January 25, 2022
United States Securities and Exchange Commission
Division of Corporation Finance
Office of Mergers & Acquisitions
100 F Street, N.E.
Washington, D.C. 20549-3561
Attention: Perry Hindin
Re: | Dawson Geophysical Company |
Filed on January 10, 2022 by WB Acquisitions Inc. and Wilks Brothers, LLC
File No. 005-37717
Ladies and Gentlemen:
Set forth below is the response of WB Acquisitions Inc. (“Merger Sub”) on behalf of itself and Wilks Brothers, LLC (“Parent”), to the comment received from the staff of the Division of Corporation Finance (the “Staff”) of the Securities and Exchange Commission (the “Commission”) by phone call and email on January 10, 2022, with respect to Schedule TO-T/A2, File No. 005-37717, filed with the Commission on January 10, 2022 (the “Amended Offer Materials”). Capitalized terms used herein and not defined have the meanings given in the Amended Offer Materials and in the previously filed Tender Offer materials. In its comment, the Staff raised the following guidance found in Exchange Act Release No. 23421 and inquired as to Parent’s position regarding the length of the extension of the Offer.

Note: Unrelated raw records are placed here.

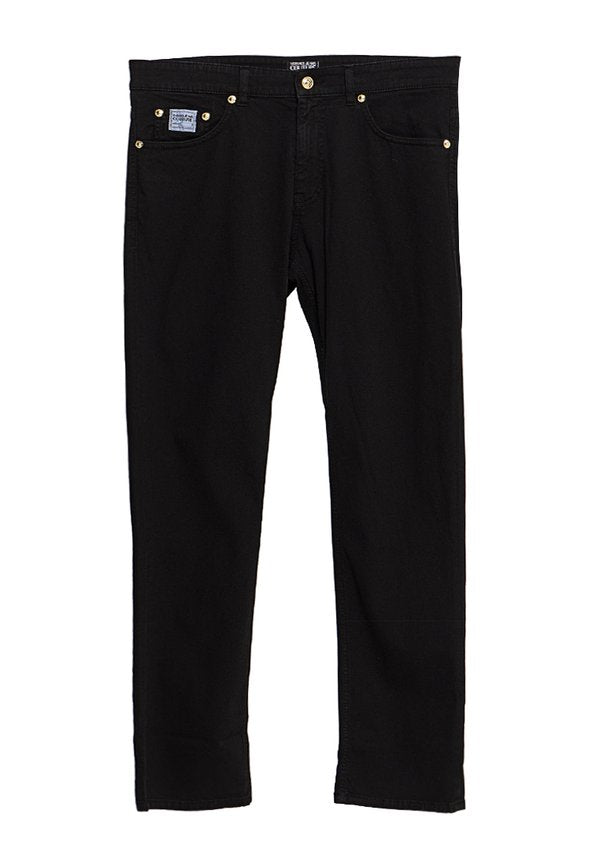 Versace Jeans Couture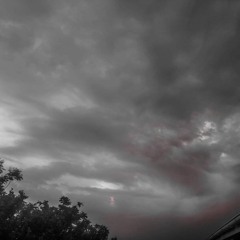 †Lost in the 9/11†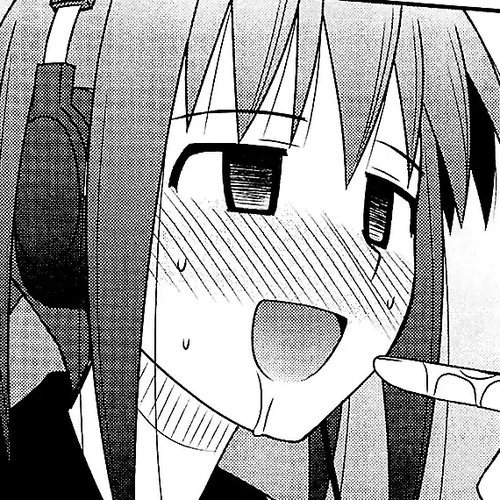 Koe de Oshigoto! Chapter 38.1 cover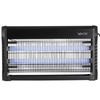 Lampa owadobójcza wisząca stojąca pogromca owadów VAYOX IKL-20W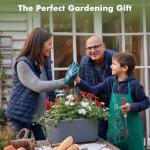 Restmo Heavy Duty Hoe Garden Tool, Suitable for use on Hard Soil, Thickened Garden Hoe for Weeding, Digging Trenches, Planting Vegetables, and Loosening Soil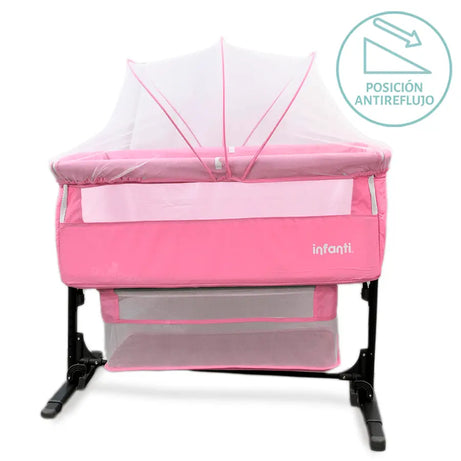 COLECHO INFANTI GOLF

The minimum period during which an offer must remain open following material changes in the terms of the offer or information concerning the offer, other than a change in price or percentage of securities sought, will depend on the facts and circumstances, including the relative materiality of the terms or information. As a general rule, the Commission is of the view that, to allow dissemination to shareholders “in a manner reasonably designed to inform [them] of such change” (17 CFR 240.14d-4(c)), the offer should remain open for a minimum of five business days from the date that the material change is first published, sent or given to security holders. If material changes are made with respect to information that approaches the significance of price and share levels, a minimum period of ten business days may be required to allow for adequate dissemination and investor response. Moreover, the five business day period may not be sufficient where revised or additional materials are required because disclosure disseminated to security holders is found to be materially deficient. Similarly, a particular form of dissemination may be required. For example, amended disclosure material designed to correct materially deficient material previously delivered to security holders would have to be delivered rather than disseminated by publication.